> Exercise prompt
Wherever the line with "a couple drinking on a boat" sits in the listing below, transcribe from it up to and including the line with "Chocolate Crinkles are", exactly, and leave the remaining lines out.

> Stored data
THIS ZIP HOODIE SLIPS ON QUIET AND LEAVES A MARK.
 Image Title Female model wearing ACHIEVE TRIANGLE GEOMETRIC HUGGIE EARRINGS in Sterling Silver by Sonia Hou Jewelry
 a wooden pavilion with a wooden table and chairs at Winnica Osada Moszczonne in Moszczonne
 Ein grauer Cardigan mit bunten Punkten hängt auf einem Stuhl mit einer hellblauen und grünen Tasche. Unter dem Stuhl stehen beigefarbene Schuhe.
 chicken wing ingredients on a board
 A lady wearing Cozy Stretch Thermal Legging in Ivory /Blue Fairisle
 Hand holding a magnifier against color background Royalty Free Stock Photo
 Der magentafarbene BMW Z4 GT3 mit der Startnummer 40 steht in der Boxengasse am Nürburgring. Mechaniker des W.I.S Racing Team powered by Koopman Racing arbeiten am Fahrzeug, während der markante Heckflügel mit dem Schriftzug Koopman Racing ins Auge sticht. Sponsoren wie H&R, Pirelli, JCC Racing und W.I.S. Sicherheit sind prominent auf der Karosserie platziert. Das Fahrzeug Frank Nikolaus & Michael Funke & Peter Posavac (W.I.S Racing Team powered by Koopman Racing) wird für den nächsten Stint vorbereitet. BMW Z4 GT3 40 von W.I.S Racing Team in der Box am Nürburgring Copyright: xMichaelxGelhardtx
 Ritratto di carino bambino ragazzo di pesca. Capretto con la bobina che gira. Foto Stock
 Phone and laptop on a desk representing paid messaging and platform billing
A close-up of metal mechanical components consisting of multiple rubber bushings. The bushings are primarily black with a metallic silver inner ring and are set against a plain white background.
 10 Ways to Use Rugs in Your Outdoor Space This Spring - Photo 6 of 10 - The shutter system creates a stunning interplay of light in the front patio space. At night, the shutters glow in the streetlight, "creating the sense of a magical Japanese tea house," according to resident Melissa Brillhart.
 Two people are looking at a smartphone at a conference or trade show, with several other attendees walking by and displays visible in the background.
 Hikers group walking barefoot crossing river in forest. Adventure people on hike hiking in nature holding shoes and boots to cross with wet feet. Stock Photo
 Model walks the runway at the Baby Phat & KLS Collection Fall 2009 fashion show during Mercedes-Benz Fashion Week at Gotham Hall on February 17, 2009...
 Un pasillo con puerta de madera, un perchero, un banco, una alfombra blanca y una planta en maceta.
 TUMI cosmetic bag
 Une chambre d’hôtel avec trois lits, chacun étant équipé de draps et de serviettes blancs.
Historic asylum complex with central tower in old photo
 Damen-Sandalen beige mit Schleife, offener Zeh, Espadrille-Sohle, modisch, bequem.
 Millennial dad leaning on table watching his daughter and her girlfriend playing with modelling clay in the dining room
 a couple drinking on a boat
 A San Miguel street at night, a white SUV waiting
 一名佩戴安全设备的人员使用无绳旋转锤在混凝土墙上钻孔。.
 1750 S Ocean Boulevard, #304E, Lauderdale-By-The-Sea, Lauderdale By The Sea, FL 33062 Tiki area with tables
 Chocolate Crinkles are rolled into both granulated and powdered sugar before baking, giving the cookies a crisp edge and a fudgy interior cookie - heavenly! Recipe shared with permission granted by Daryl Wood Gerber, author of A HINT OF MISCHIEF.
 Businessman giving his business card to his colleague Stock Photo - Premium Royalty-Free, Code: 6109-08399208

> Exercise response
 a couple drinking on a boat
 A San Miguel street at night, a white SUV waiting
 一名佩戴安全设备的人员使用无绳旋转锤在混凝土墙上钻孔。.
 1750 S Ocean Boulevard, #304E, Lauderdale-By-The-Sea, Lauderdale By The Sea, FL 33062 Tiki area with tables
 Chocolate Crinkles are rolled into both granulated and powdered sugar before baking, giving the cookies a crisp edge and a fudgy interior cookie - heavenly! Recipe shared with permission granted by Daryl Wood Gerber, author of A HINT OF MISCHIEF.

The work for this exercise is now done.